Here’s an even spicier version of the Spicy Pumpkin Muffin published in The Habanero Cookbook using the elusive but delicious jolokia chile! Get a copy for yourself here for more great habanero ideas.
- 1 1/2 cups all-purpose flour
- 3 tsp baking powder
- 1/4 tsp salt
- 1/2 tsp cinnamon
- 1/2 tsp ground dried jolokia "ghost" chile. (Note: if you must grind your own, do so only in a well vented room! Jolokia is tasty but you really do not want to breathe it.)
- 1/4 tsp ground nutmeg
- 1/2 cup shortening
- 1/4 cup sugar
- 2 eggs
- 1 cup canned pumpkin
- 1/2 cup milk
- 1/4 cup raisins
- 1/4 cup pepitas (dried pumpkin seeds)
For the Sugar Topping
- 2 tbsp sugar
- 1/2 tsp ground cinnamon
- Preheat oven to 375. Oil 12 muffin tin cups or muffin pan.

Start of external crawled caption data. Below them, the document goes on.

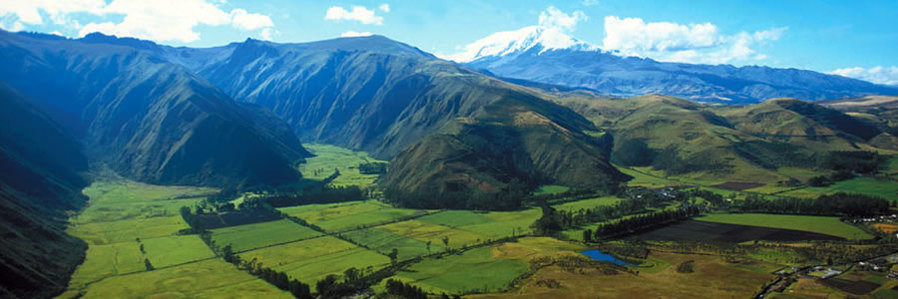 Latin America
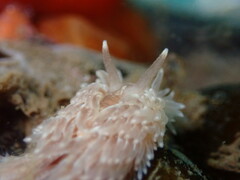Aeolidia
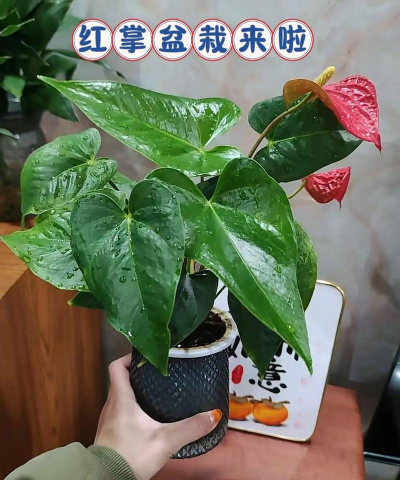 小众送妈妈的花有哪些花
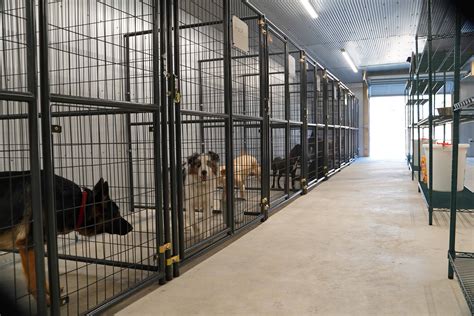 Local Kennel and Board-and-Train Programs
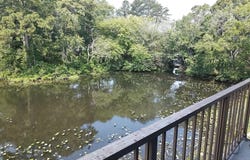 228 CANAL PARK DRIVE, SALISBURY, MD 21804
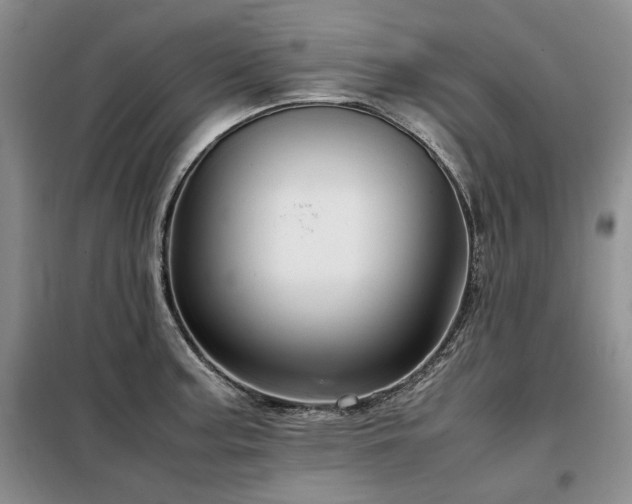 X0000099311187200805021307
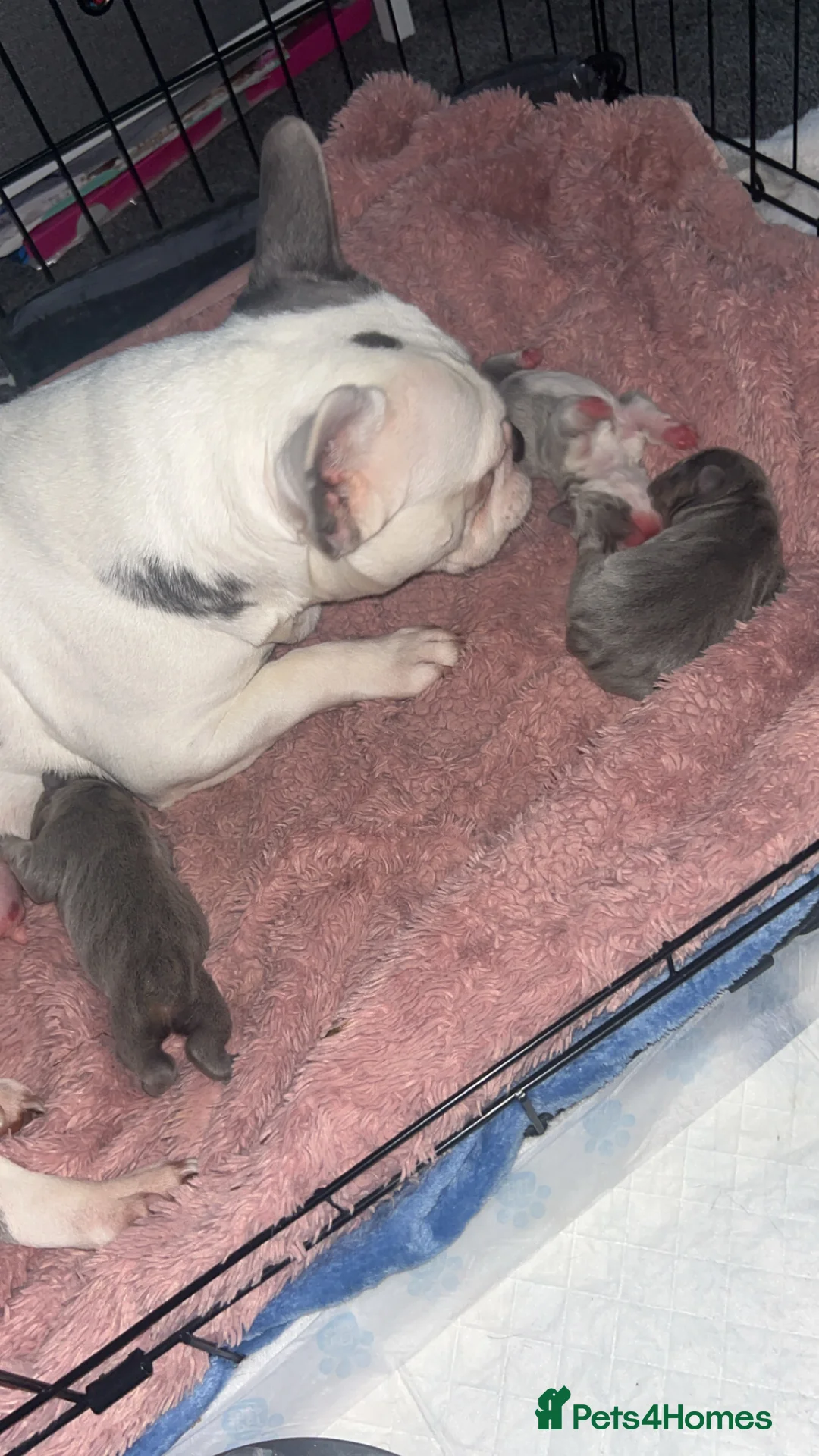 French Bulldog dogs for sale: French bulldogs - Advert 1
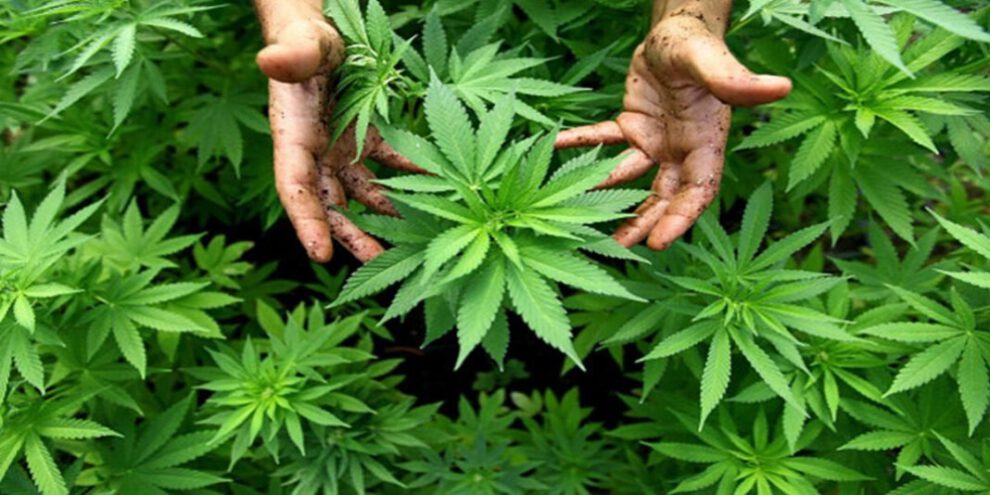 Operativo conjunto Paraguay Brasil para erradicar cultivos de marihuana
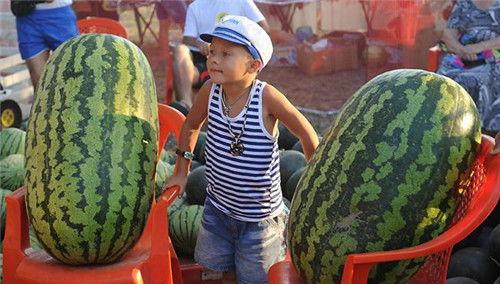 大神们吃瓜,大神们吃瓜背后的真相与内幕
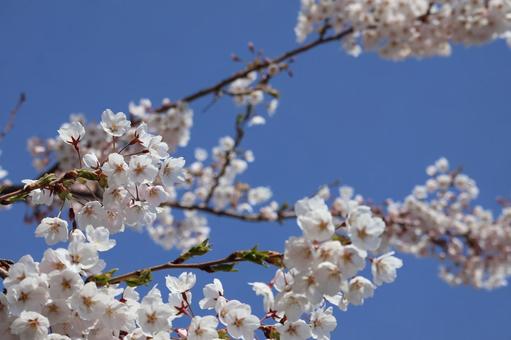 桜の花と青空 桜の花と青空の写真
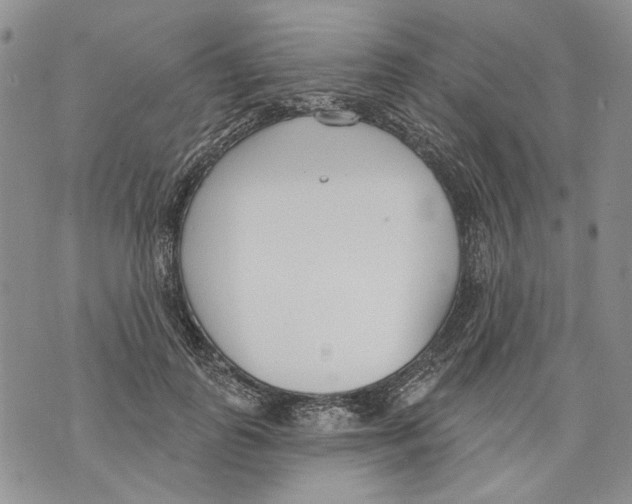 X0000071770747200607282213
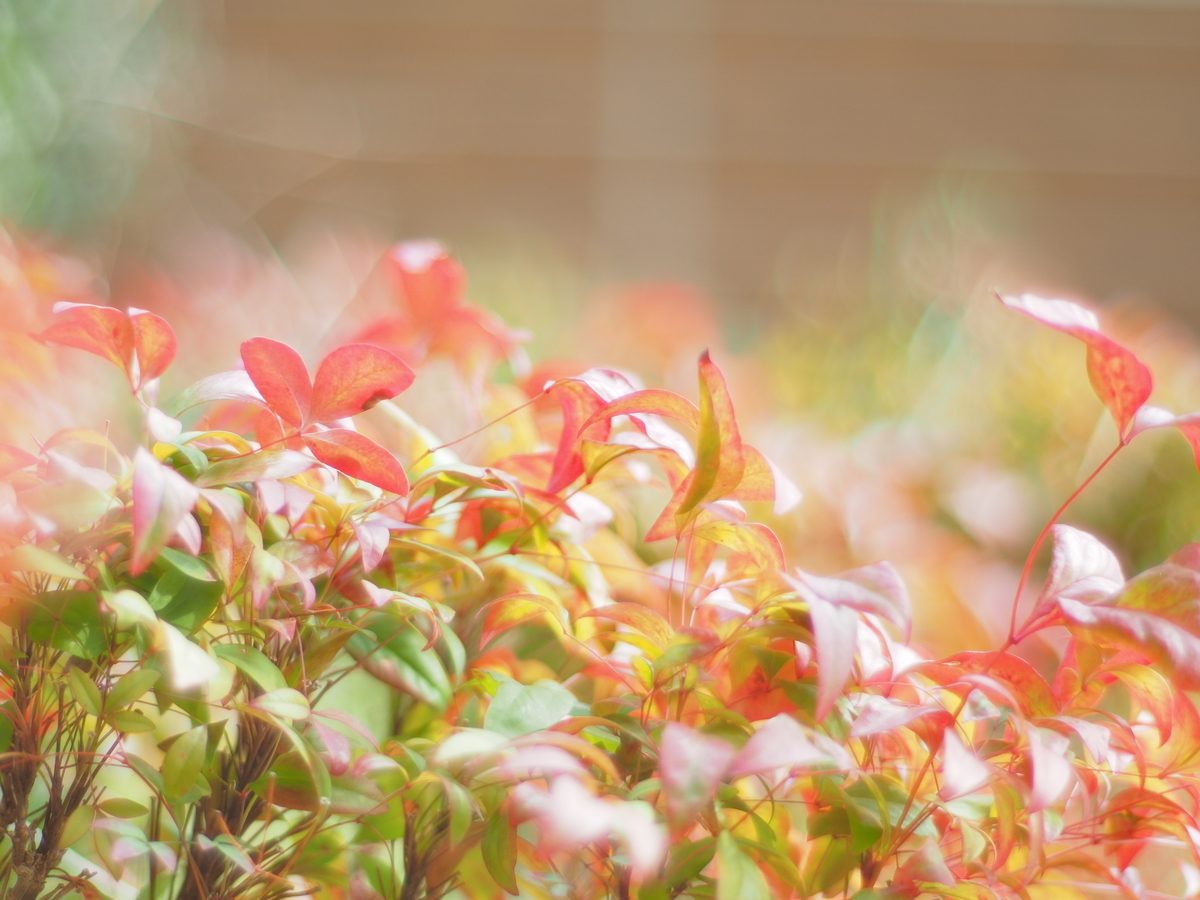 f:id:nekopictures:20191108011404j:plain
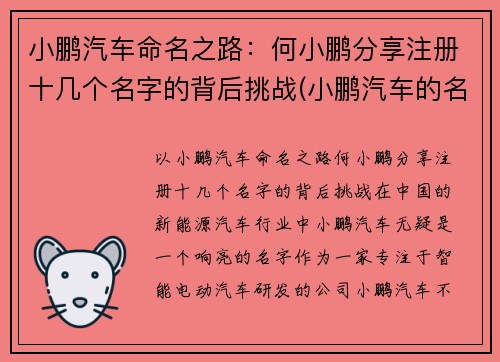 小鹏汽车命名之路：何小鹏分享注册十几个名字的背后挑战(小鹏汽车的名字怎么取得)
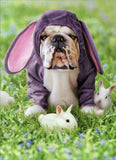Avanti Press Dog (Sully) in Bunny Suit Easter Card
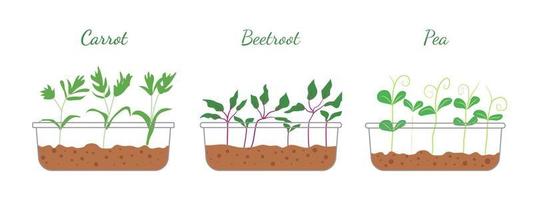 conjunto de microgreens íconos aislado en blanco antecedentes. zanahoria, remolachas, rábano y verde guisantes. sano comida coles. vector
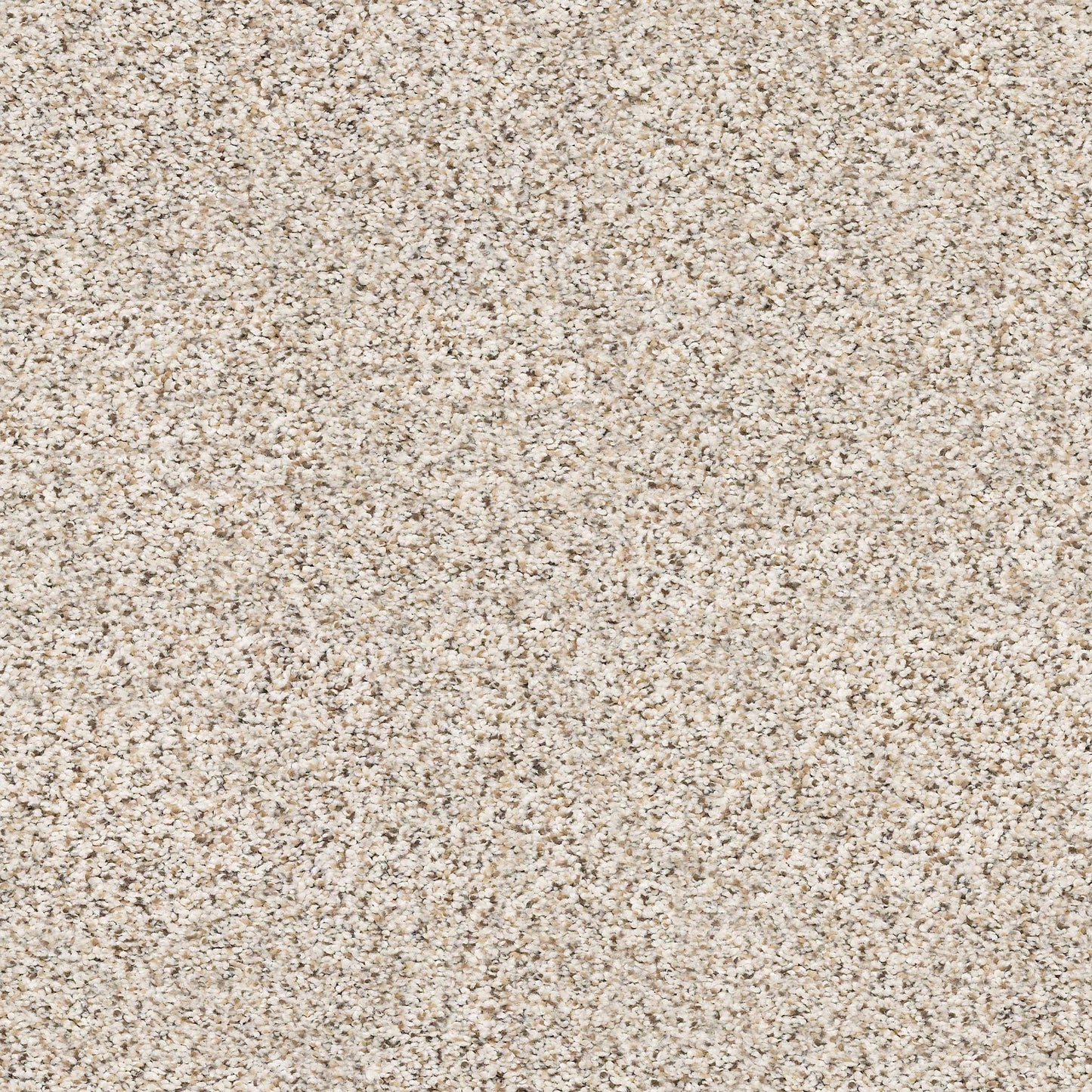 BERBER CUT PILE
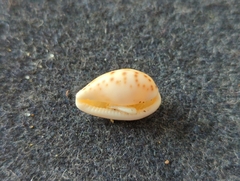 Notocypraea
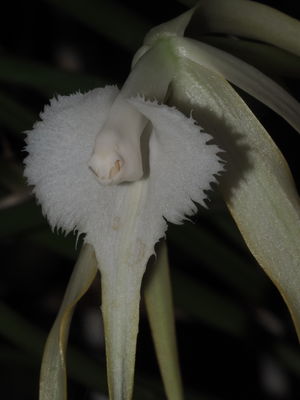 Brassavola Appendiculata A.Rich. & Galeotti | Plants Of The World ...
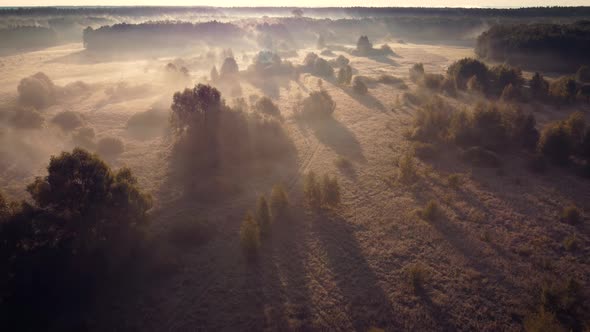 Bright foggy morning in the meadow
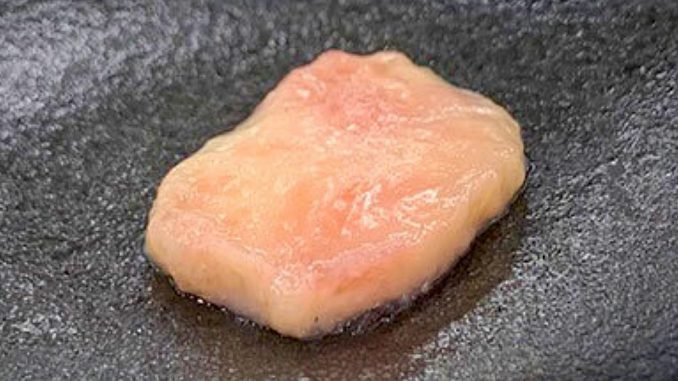 Carne de pollo cultivada en laboratorio (Foto NH Foods)
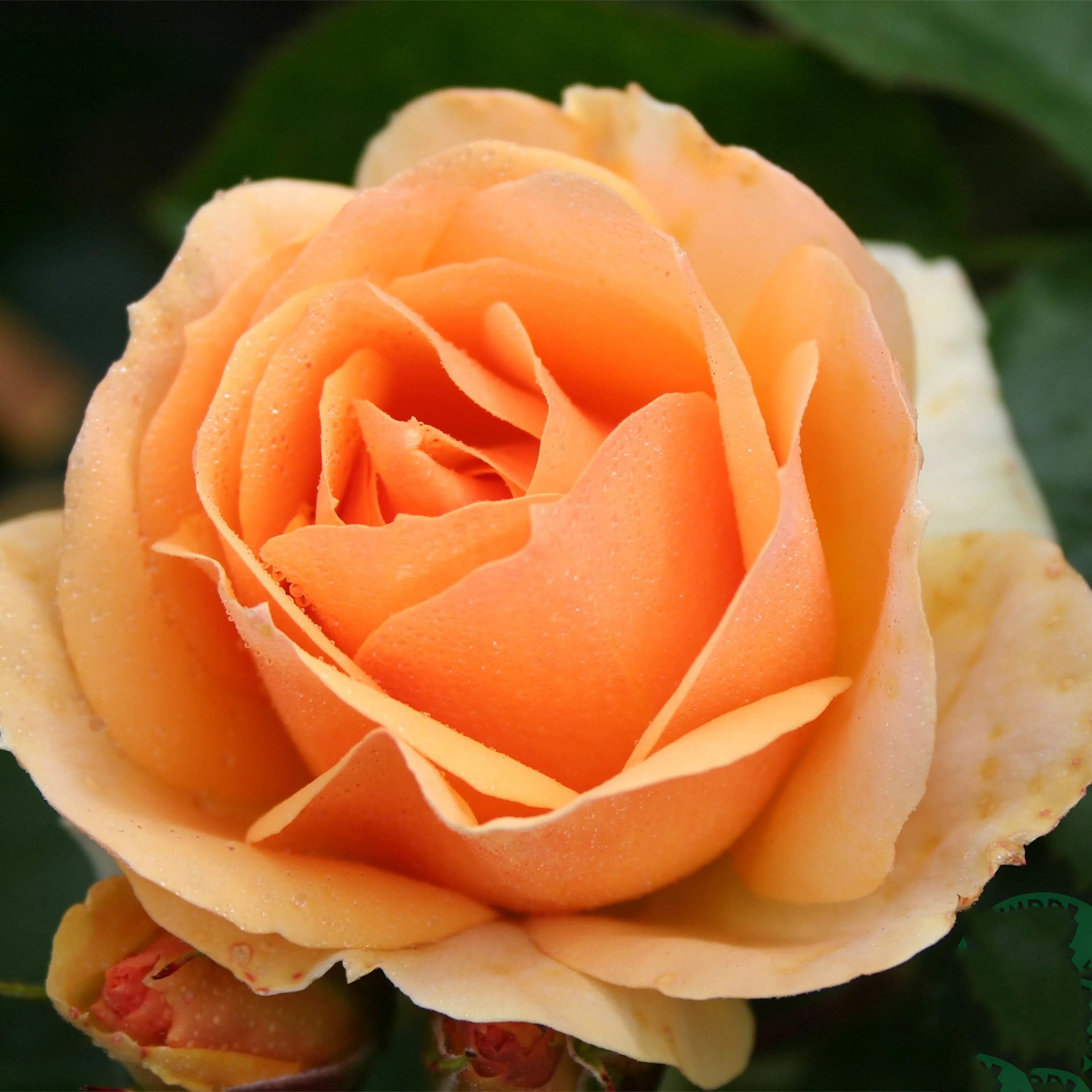 Rosa "Hansestadt Rostock", 5-pack 5-pack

- Sift together the dry ingredients.
- Cream the shortening and sugar together until fluffy. Add the eggs one at a time, beating well after each addition. Beat in the pumpkin and milk and mix well.
- Add the dry ingredients in thirds mixing well after each addition.
- Combine the sugar and cinnamon for the topping.
- Spoon the muffin batter into the prepared muffin cups, filling them two-thirds full. Sprinkle the sugar-cinnamon mixture over the top. Bake until a a toothpick inserted into the center of a muffin comes out clean, about 20 minutes.
- Let cool in muffin tin before turning out.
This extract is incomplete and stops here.